Native apps have more functionality since they have direct access to the device’s capabilities, allowing them to send notifications and access hardware such as the camera.  It is best to release an app for each of the Android and iOS operating systems, which make up 81.0 and 12.9 percent of market share, respectively.  You will likely wonder wait, what’s the point of investing in iOS then?  Because market share does not equal revenue share.  Although Android is responsible for 75 percent of all app downloads and iOS only 18, each earns 50 percent of all app revenue.  This reveals that iOS are willing to spend more on apps, and value quality or quantity.  Nevertheless, it is essential to deploy for both Android and iOS to ensure coverage of the whole consumer base.

Security

Every aspect, from sending to storage, must be implemented carefully to protect user and company data.  SSL (Secure Sockets Layer) is the main protocol for sending data.  It provides encryption for all communication sent over networks.  Most websites have a SSL certificate that can be purchased from hosting or security companies.  Security implementations are a bit different on native apps, but fortunately iOS and Android have official guides.

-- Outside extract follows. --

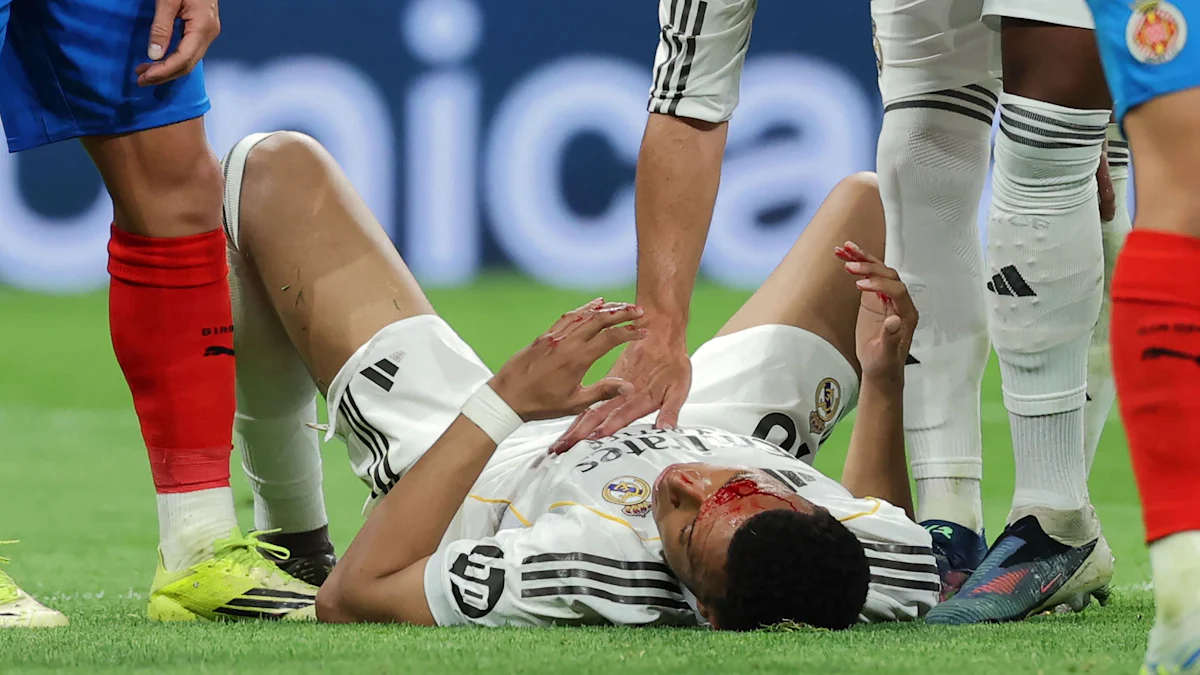 Debatten vor dem Rückspiel: Real reist verwundet nach München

Coincidentally, earlier this month the technology industry was put into an uproar by the discovery of Heartbleed, the name given to security bug.  Heartbleed caused vulnerabilities in OpenSSL, an open source version of SSL that is wildly used.  It enabled hackers to steal transmitted data from any website that uses OpenSSL, including Yahoo!, Tumblr, and Wikipedia.  Though OpenSSL is now patched, it goes to show that companies need to pay close attention to the industry at all times.

Heartbleed may have been addressed too quickly for hackers to take advantage of, but a recent victim unrelated to Heartbleed was photo messaging app Snapchat, with 4 million active users.  It was hacked on December 31st, 2013 and 4.6 million Snapchat users had their phone numbers were leaked online.  Users and industry professionals reacted negatively, forcing Snapchat to give a public response and seek legal help.

Promotion

In the end, a 5-star application will have no users if no one knows about it.  The first step is to focus on the mobile website.  It should be search engine optimized and have responsive designs to adapt to various screen sizes.  By using hints from visitors’ internet browsers, the website can detect if they are on mobile devices.  If so, the website can display messages about the existence of a native version and a direct link to the download.  The web and native components should complement each other.

Social networking is an increasingly popular and affordable method of advertising.  Since consumers are spending more time on internet and less on cable and print, marketing will be more effective on sites like Facebook, Twitter, and YouTube.  There are no fees for posting messages, and using contests to encourage users to share is an easy method of viral marketing.

Conclusion

An application is never completely developed.  Even if all desired features are implemented, there are always optimizations and updates to be made.  These three elements will lay out a strong foundation for your mobile project.